Das fertig aktualisierte Strategiedokument wurde am 11. September auf einer Veranstaltung im Bukarester Constantin Tănase-Theater der Öffentlichkeit vorgestellt. Gleichzeitig war dies die letzte Gelegenheit für Menschen aus Bukarest und Ilfov, Kritik an und Anregungen zu dem Plan loszuwerden. Der Veranstaltung ging eine Phase voraus, in der Interessierte per Mail ihre Anmerkungen einschicken konnten, nachdem der Plan Mitte August veröffentlicht wurde (die ADZ berichtete). Die Auswertung des gesammelten Feedbacks könne möglicherweise noch zu Anpassungen führen, hieß es seitens der Veranstalter. 

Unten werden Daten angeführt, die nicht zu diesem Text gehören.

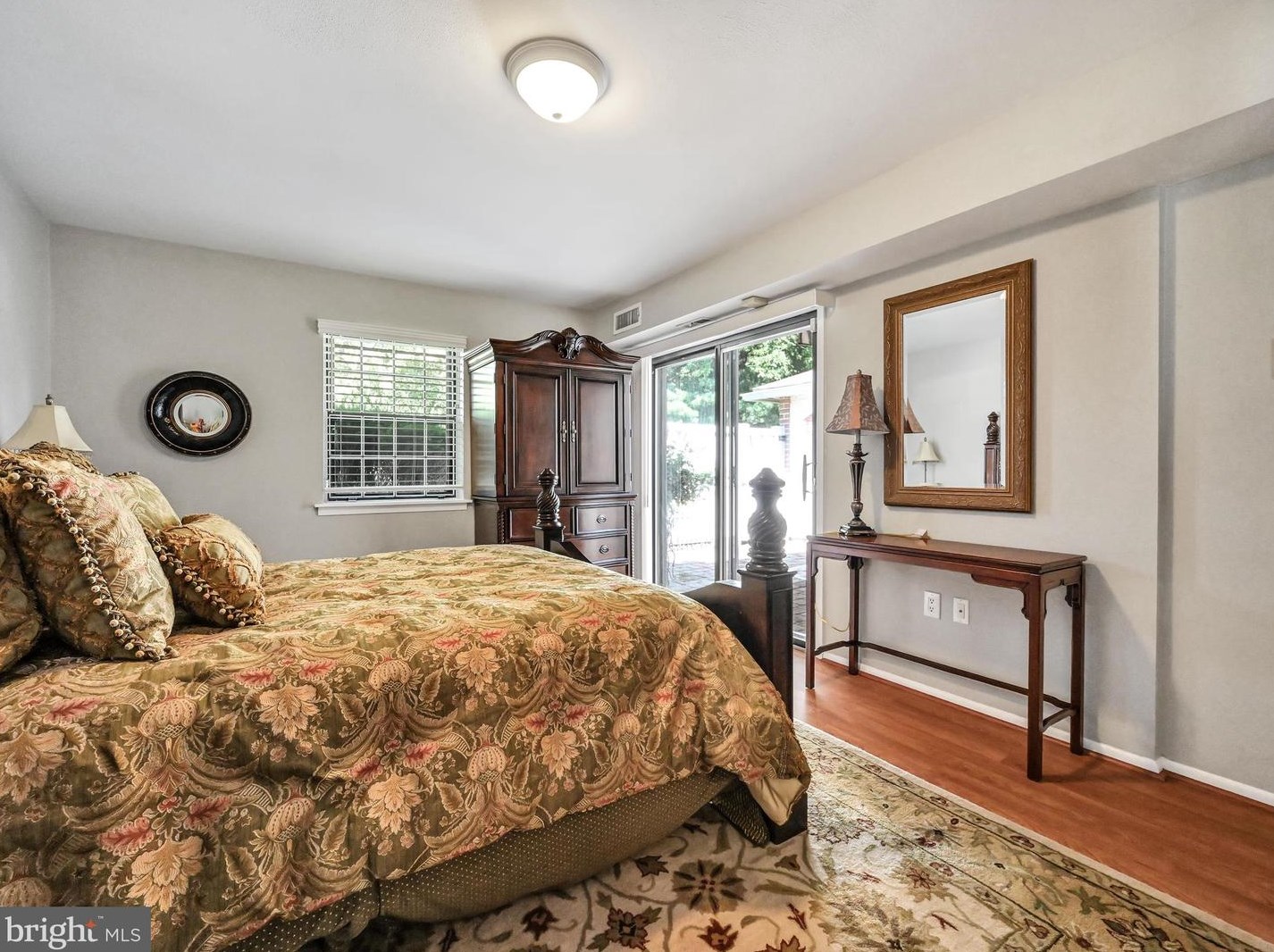 170 Valleybrook Dr, Lancaster PA  17601-4620 exterior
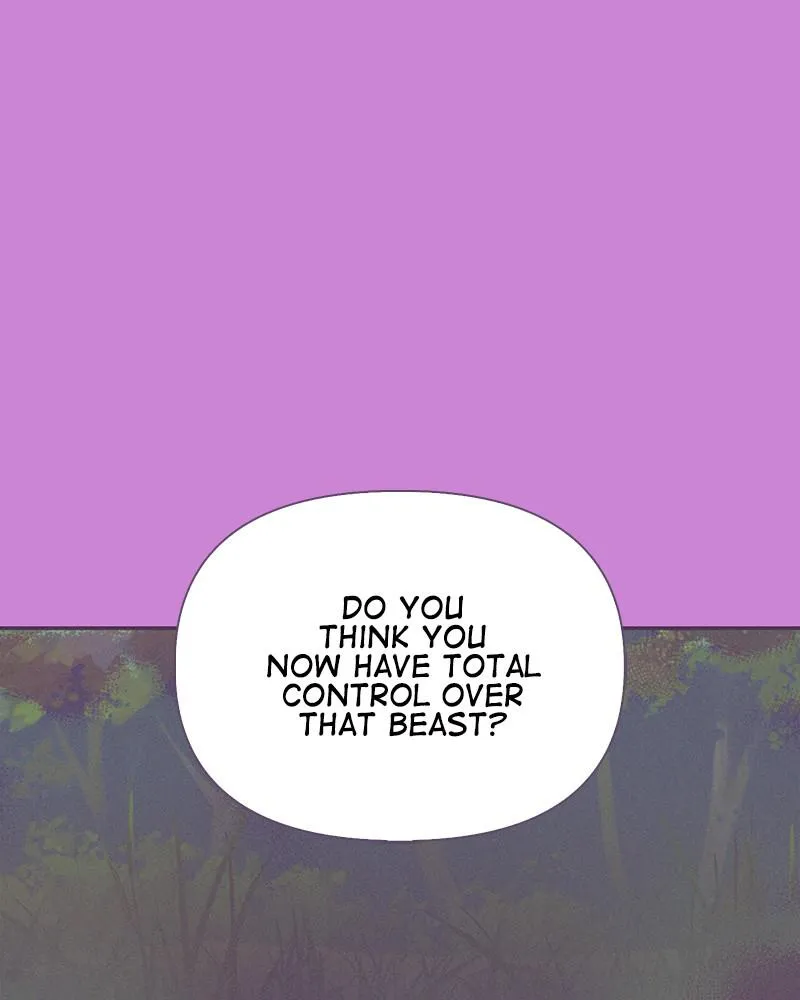 Read My Gently Raised Beast (en) Manga Online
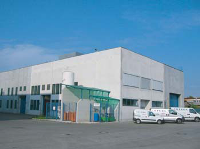 01_slo_5_200.thumb-200x149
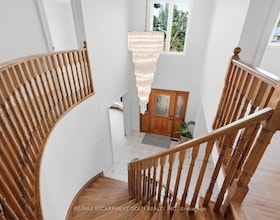 42 Fox Run, Brantford, ON , MLS #X13544918 , Image - 1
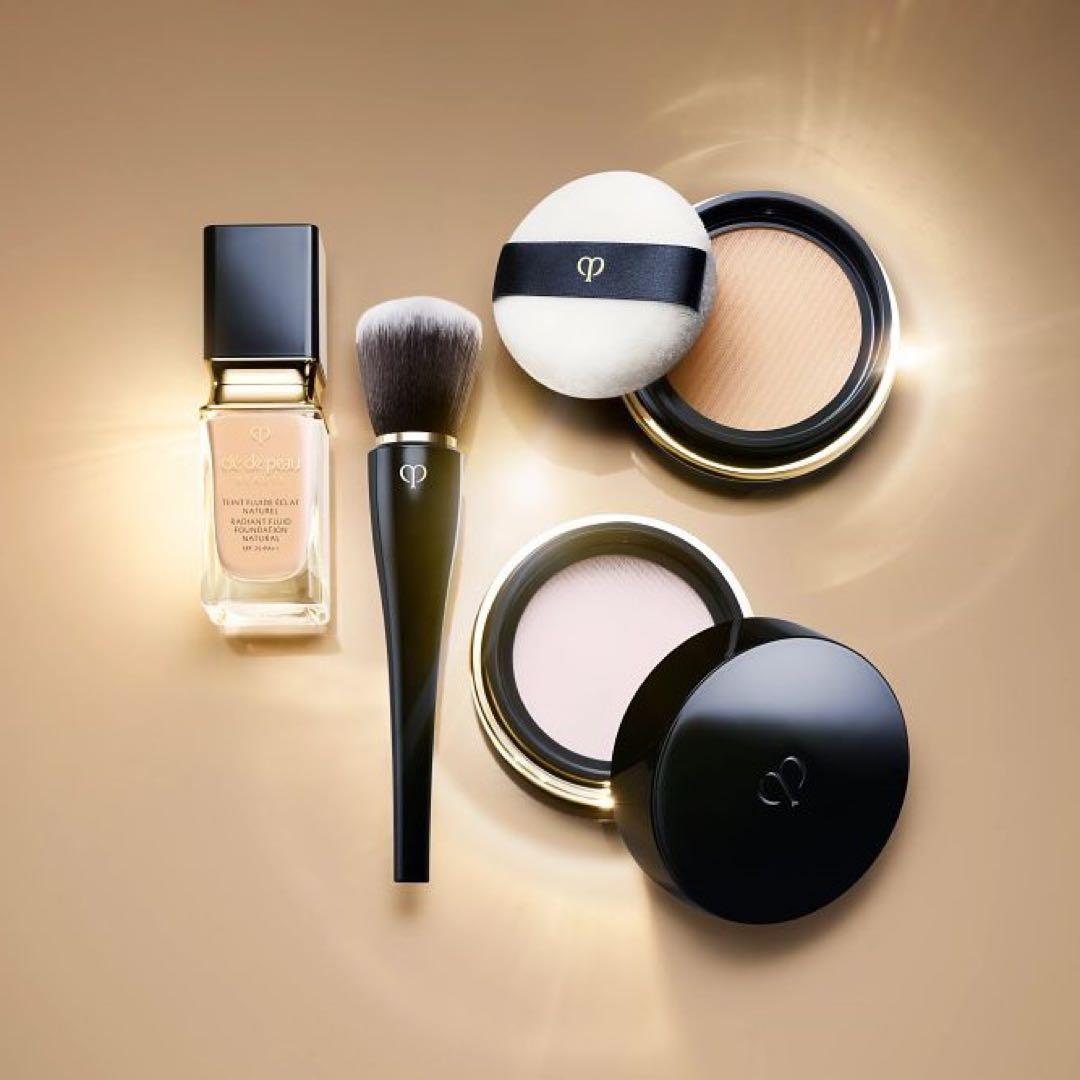 【12/4新入荷⑤】❣️プードルトランスパラントｎ　Ｍ　1 ライト❣️本体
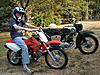 Daniel with crf and ca95.jpg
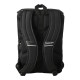 Рюкзак BAUER S23 PRO BACKPACK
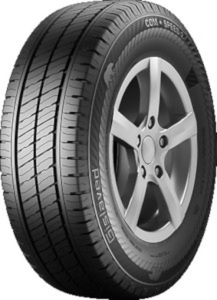Gislaved Com*Speed 2 ( 185/75 R16C 104/102R 8PR )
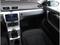 Volkswagen Passat 1.4 TSI, NOV CENA, Serv.kniha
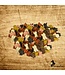 Animalis "Mix Bones" 500 gr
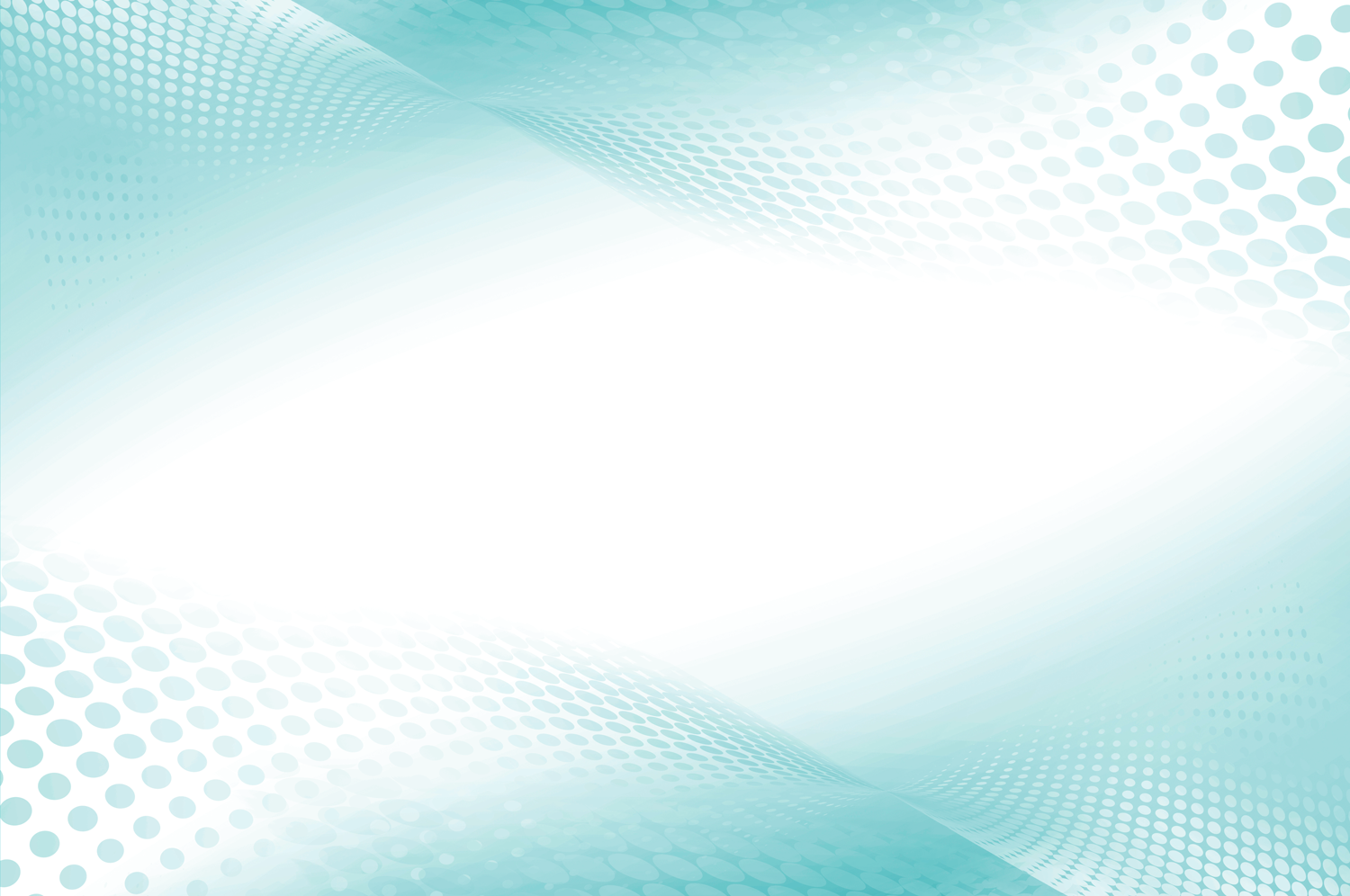 circular-texture-bleen.png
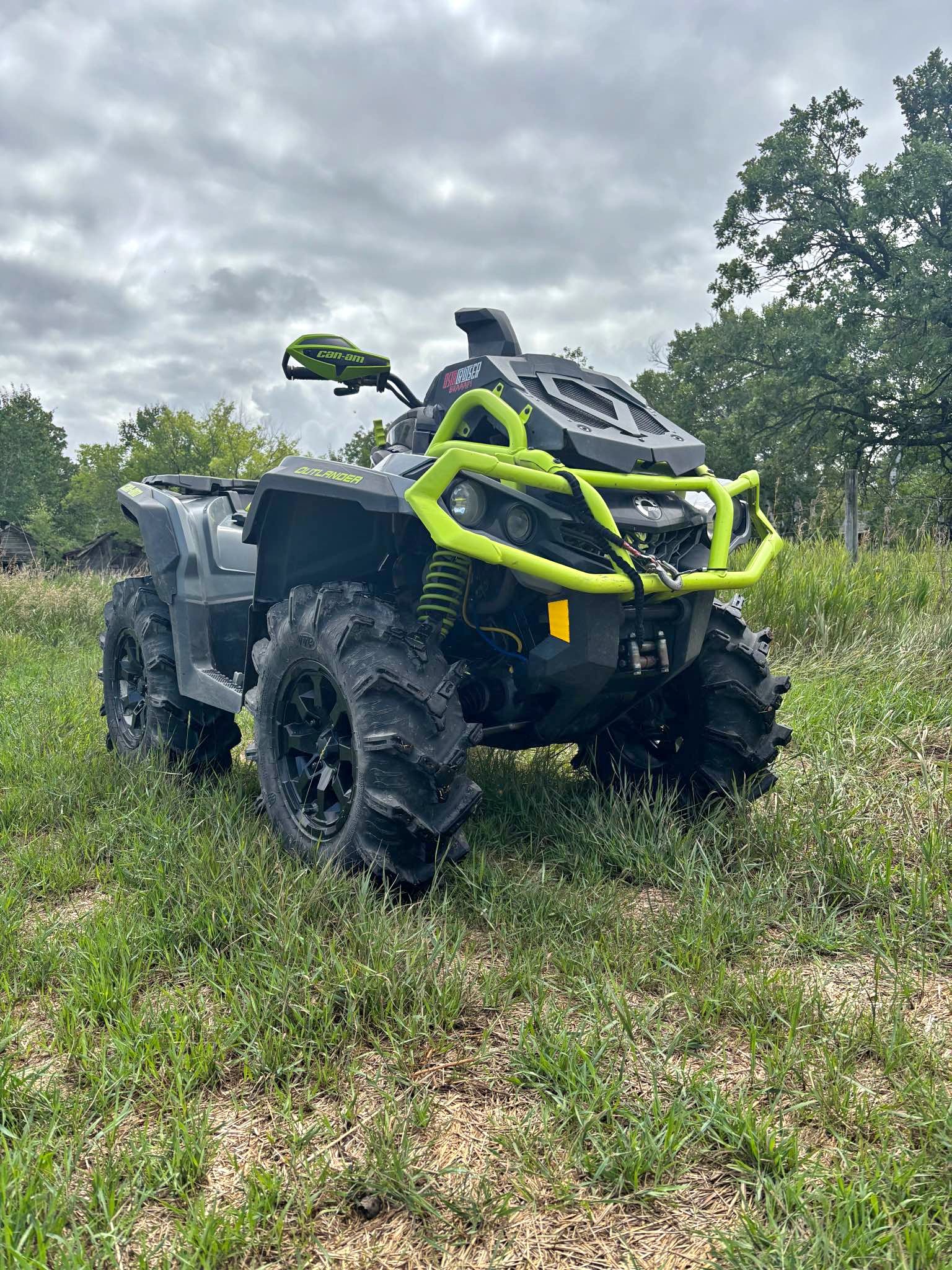 for -Am Renegade Outlander Maverick Commander O... – Grandado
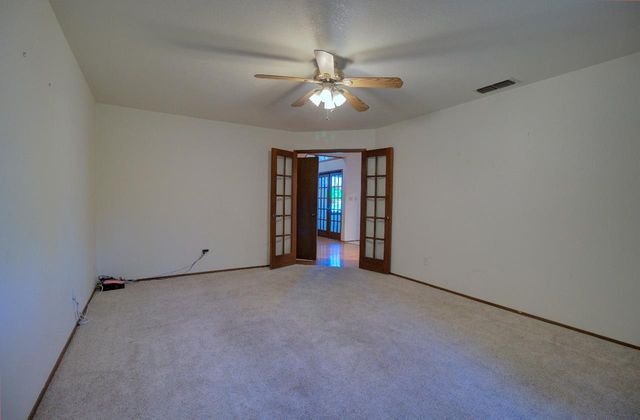 2510 Teresa Ct, Turlock, CA 95382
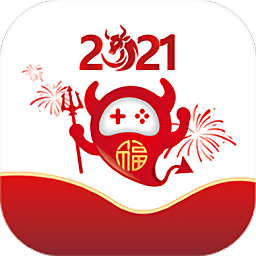 魔娱司app下载v1.0.0 安卓版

In der Region Bukarest-Ilfov gibt es in Bezug auf den PMUD unterschiedliche Akteure: In erster Linie das Bukarester Rathaus, der Rat des Landeskreises Ilfov und die Öffentliche Verkehrsgesellschaft Bukarest-Ilfov (TPBI). Mit der Ausarbeitung des Strategiedokuments wurden drei Consultingfirmen beauftragt: TTL Planning und CIVITTA aus Rumänien und Bogazici aus der Türkei. Darüber hinaus sind in der Umsetzung zahlreiche weitere Akteure involviert, u. a. die Rathäuser und Stadt- bzw. Gemeinderäte der 6 Bukarester Sektoren sowie der 8 Städte und 32 Kommunen im Kreis Ilfov, sowie die Betreiber von U-Bahn-, Bus-, Trolleybus-, Straßenbahn- und Eisenbahnverkehr in der Region.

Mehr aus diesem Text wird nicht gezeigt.